Conclusions: ADRD respondents to the CAHPS were more likely to be excluded from CAHPS performance measures because they did not meet eligibility requirements and rates of non-response were higher. Among responders with or without a proxy, MA enrollees with an ADRD diagnosis reported worse care experiences in receiving needed care and in customer service than those without an ADRD diagnosis.

Introduction

The Medicare Advantage (MA) program is rapidly growing and now accounts for over 42% of Medicare beneficiaries nationally.[1,2] MA differs from traditional Medicare (TM) in that private plans are paid on a capitated basis to cover the needs of their enrollees in a year. MA plans can offer additional supplemental benefits unavailable in TM.[3] But they can also set specific networks of available providers[4] and implement prior authorization requirements that may pose additional challenges for enrollees with chronic conditions.

Alzheimer's Disease and related dementias (ADRD) is a highly prevalent condition that is responsible for substantial care and cost burdens nationally.[5–9] Individuals with ADRD and their caregivers often face additional barriers in access to care compared to other patients in the healthcare system. While both the MA program and the prevalence of ADRD continue to grow, there is currently limited evidence on the care experience of Medicare beneficiaries with ADRD in the MA program. While two recent studies have found substantially higher disenrollment rates for enrollees with ADRD from MA plans, few studies have examined the care experiences of MA enrollees with ADRD.[10,11] Additionally, given that beneficiaries with ADRD may have cognitive decline or may be more likely to be institutionalized, it is unclear if their experiences are captured by current performance measurement initiatives.

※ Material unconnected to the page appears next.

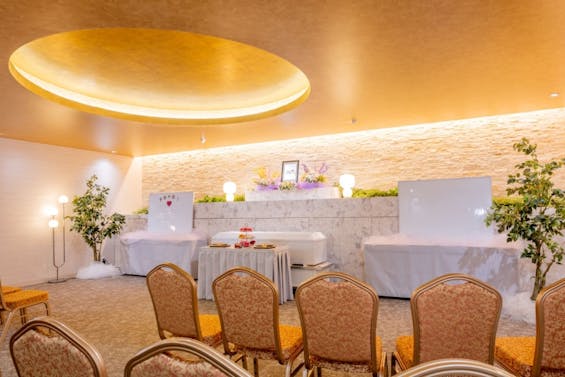 家族葬のメモサ東京足立ホール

In this study, we use a unique linkage of national survey data with claims and assessment data to examine the care experiences of MA enrollees with ADRD. Our two primary objectives are to understand the extent to which beneficiaries with ADRD are included in CAHPS performance measurement and to measure how the care experiences of enrollees with ADRD compared to those without.